Ridership data is more than a matter of student safety. Data that shows who’s actually riding and where riders get on and off also informs more efficient route planning. Combining ridership data with GPS vehicle tracking shows actual route and performance.
The result? More accurate ETAs, better bus utilization, and fewer wasted miles.
Pressure to do more with fewer people and resources is unlikely to ease any time soon. With budget constraints and skyrocketing fuel costs as constant challenges, every ounce of fuel reduction counts more than it did last year. And with staffing shortages in the field and back-office, making it easier to find critical efficiencies is yet another advantage for fleets that use ridership tracking technologies.
Today’s student transportation now consists of small teams managing complex systems under constant pressure to be budget-minded and flawlessly reliable.
Student ridership visibility is no longer optional, but expected. Moving into the year ahead, transportation teams are choosing technologies that open a clear line of sight into operations without straining their already overwhelmed staff.
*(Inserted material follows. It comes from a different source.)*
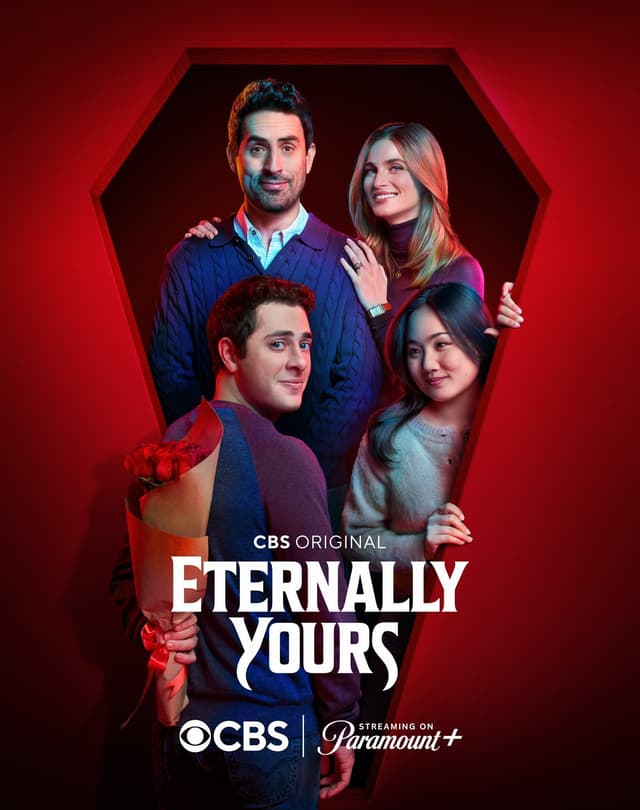 Eternally Yours poster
Who’s on the bus? Where did they board? Where and when did they exit? Tools that answer these simple questions are now priority. Having this fundamental information, like we do for packages and groceries ordered online, is now essential for protecting students and the trust that student transportation has rightfully earned.
We built our student ridership tracking solution, Zonar Z Pass®, to provide student transportation teams visibility without making their jobs more complex. When a student boards and exits the bus, they scan their school-issued I.D. card to the Z Pass reader, which sends a time-stamped record of where that scan took place, to the cloud for authorized personnel to see. Districts and transportation departments balancing staffing shortages, tight budgets and high expectations, can trust that digital, on-demand data to tell what they need to know, at a moment’s notice.
Plus, if the school district provides families with a parent app for tracking their child’s school bus route, parents can see the boarding and exiting scan data, too. Extra peace of mind and student safety all around.